Critique. Jérôme Garcin retrace avec grâce et intensité dans «Le voyant» le parcours de Jacques Lusseyran, résistant aveugle et intellectuel lumineux.
Les jeunes morts, les hommes exemplaires fauchés dans la force de l’âge, Jérôme Garcin s’en est fait une sorte de spécialité aussi littéraire que macabre: C’était tous les jours tempête racontait la mort du révolutionnaire Hérault de Séchelles, Bleus horizons celle du poète Jean de La Ville de Mirmont, tué en 1914 à l’âge de 28 ans, Pour Jean Prévost celle de Jean Prévost, mort le 1er août 1944 au pied du Vercors. La faute à son père Philippe Garcin, mort à l’âge de 45 ans dans un accident de cheval, tragédie intime à laquelle il consacre son premier roman, La chute de cheval.
Jacques Lusseyran, lui, est mort en 1971 sur une route entre Paris et la Bretagne. Il avait 47 ans. Au volant, sa troisième épouse, Marie Berger. Ils avaient fui l’Amérique rigoriste qui supportait mal qu’une jeune étudiante, épouse d’un professeur et mère de famille, tombe amoureuse d’un Français de dix-sept ans son aîné. Des tôles froissées qui mettent un terme à la vie la plus étonnante, admirable, tragique que l’on puisse imaginer. A 7 ans, sa mère le trouve en pleurs parce qu’il croit que les couleurs vont lui être volées. A 8 ans, un choc à la tête le rend aveugle: sa mère jure qu’il ne sera pas moins bien que les autres. Le garçon apprend le braille, se hisse aux premières places, fou de littérature et d’histoire, doué en langues, se mue en chef de bande aimé avec une aisance inouïe.

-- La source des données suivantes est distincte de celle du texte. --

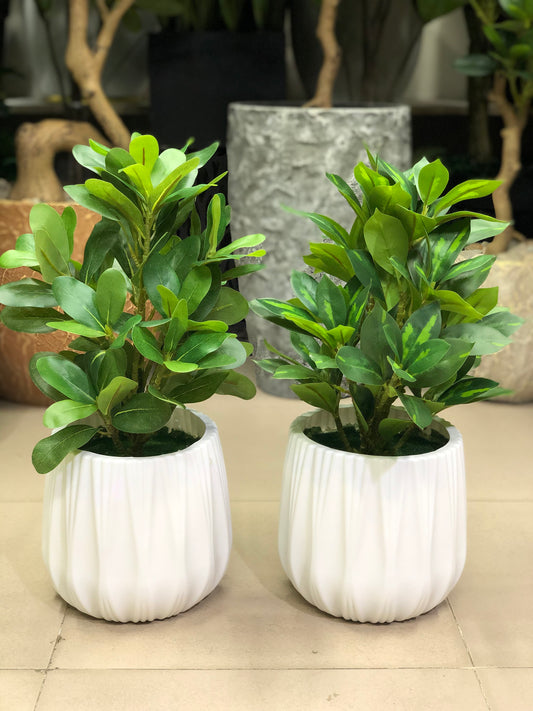 artificial plants combo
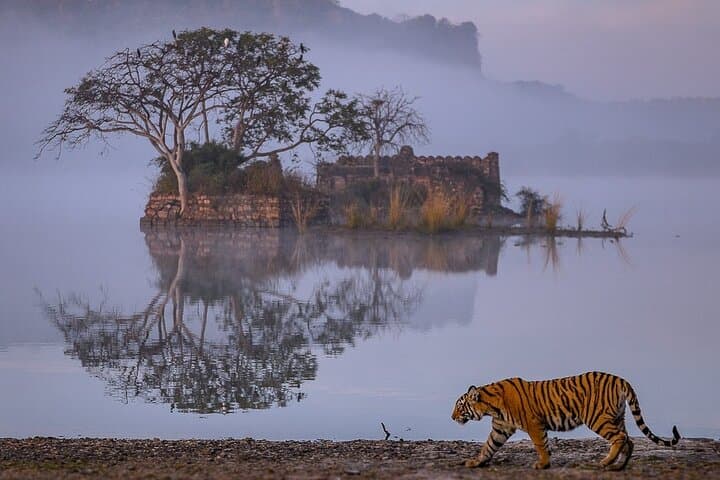 4-Day Jaipur, Ranthambore & Agra Tour: Tiger Safari, Taj Mahal & Forts photo 4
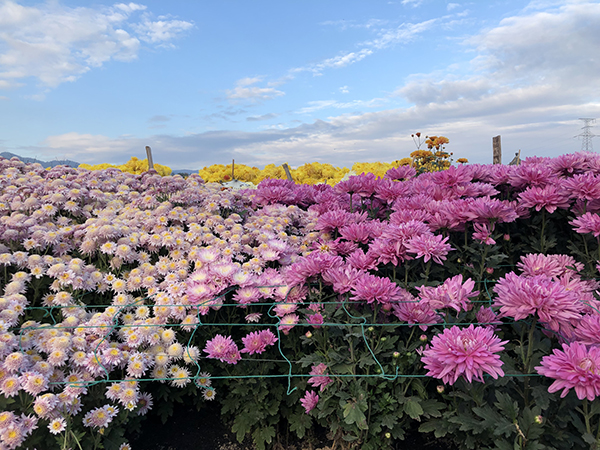 5.2.花园村-天香湾景区花海.jpg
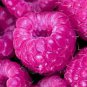 Rare Raspberry Mixed Color Fruit 2000 Seeds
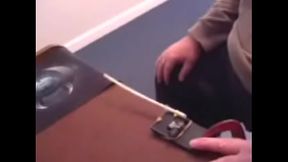 Mouse trap caner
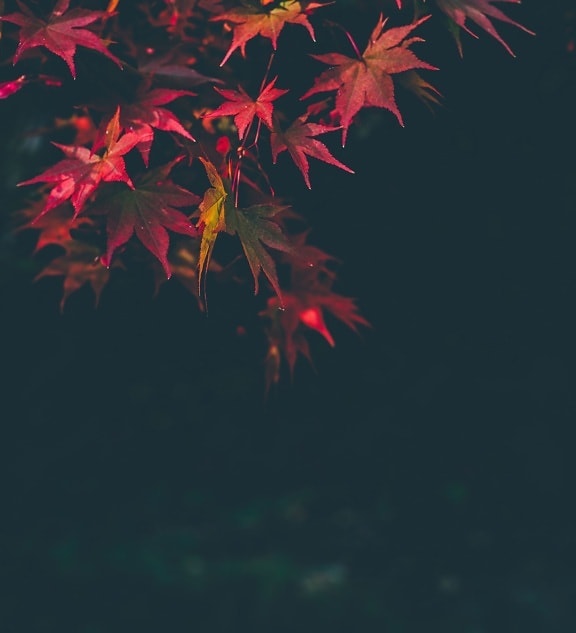 夜、雨、秋、フォーカス、葉、植物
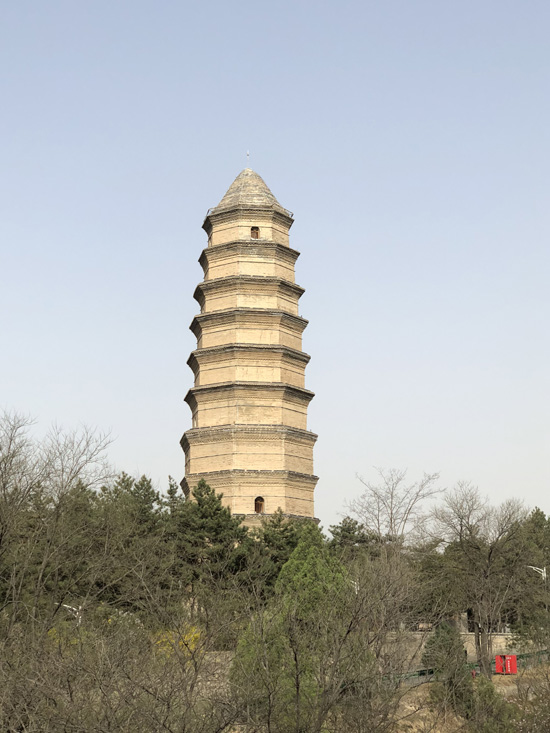 1522813349641600.jpg 1.jpg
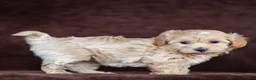 Maltipoo dogs for sale: Stella Maltipoo Puppy  - Ad 3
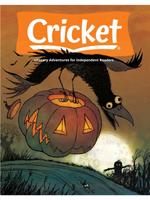 Cricket Magazine screenshot 1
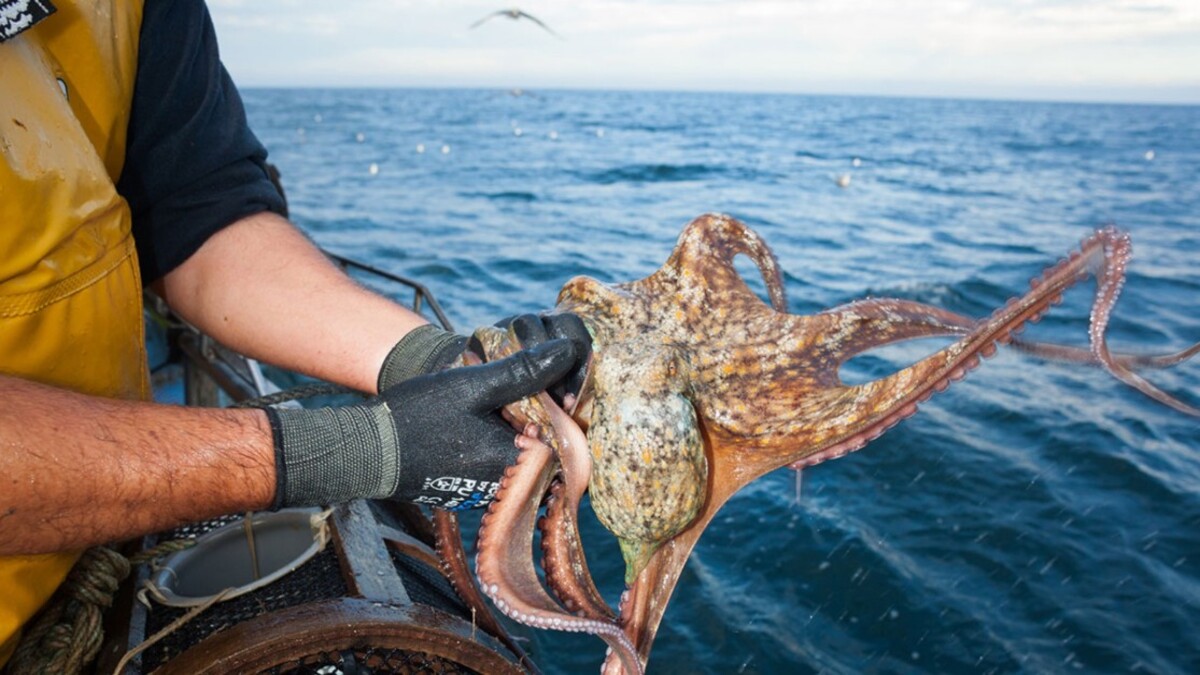 El pulpo gallego toma Inglaterra: una invasión sacude la economía local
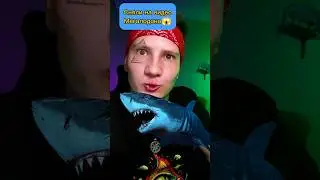 Мегалодон Всë Ещё Жив #shorts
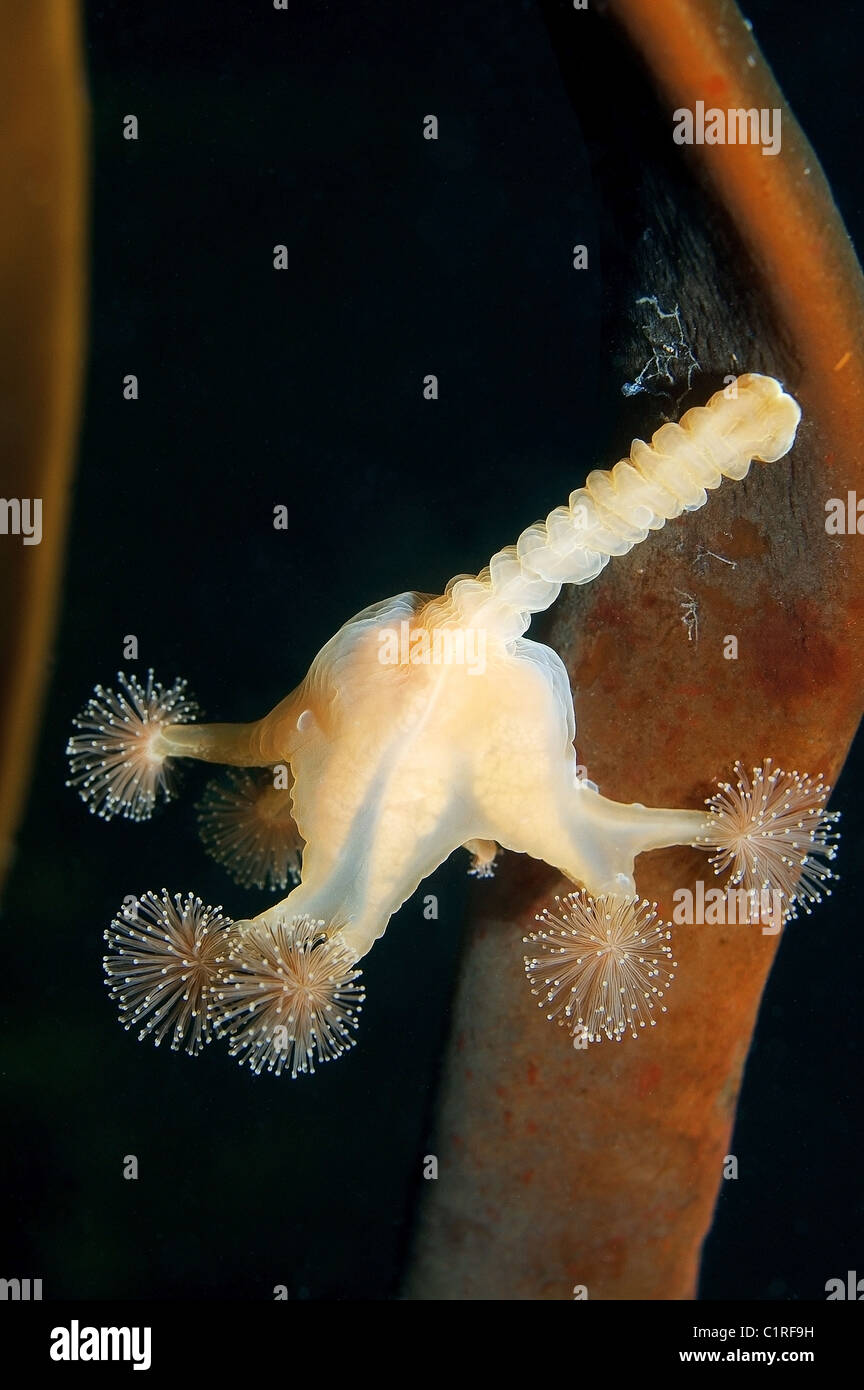 Stalked jellyfish (Lucernaria quadricornis), Arctic, Russia, Kareliya, White sea Stock Photo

De son handicap, il fait un «privilège», écrit Garcin qui a découvert Lusseyran en lisant Et la lumière fut, témoignage d’une résilience inouïe paru en 1953. Lusseyran sera résistant à 17 ans, déporté à Buchenwald en 1943. Suivent une longue dépression, un mariage, des enfants, des romans que les éditeurs refusent. Il part enseigner en Amérique. Là-bas, il réécrit Et la lumière fut, qui sous le titre And There Was Light devient un best-seller. En 1966, le scandale le pousse à retrouver l’Europe. En 1969, il est nommé à l’Université de Hawaii. Il épouse Marie à Honolulu. Ils meurent ensemble dans l’accident de voiture de l’été 1971.
Dense, poignant, sobre, à chaque phrase suspendu au bord de l’abîme, issu des tréfonds de l’âme de son auteur, porté par une langue élégante et lucide, Le voyant tente de combler le peu de choses qu’il reste de la vie brève de Jacques Lusseyran, et de transmettre l’essentiel: «C’est au-dedans que le regard exerce son vrai pouvoir. (…) S’exercer à fermer les yeux est aussi important qu’apprendre à les ouvrir.»
«Le voyant». De Jérôme Garcin. Gallimard, 186 p.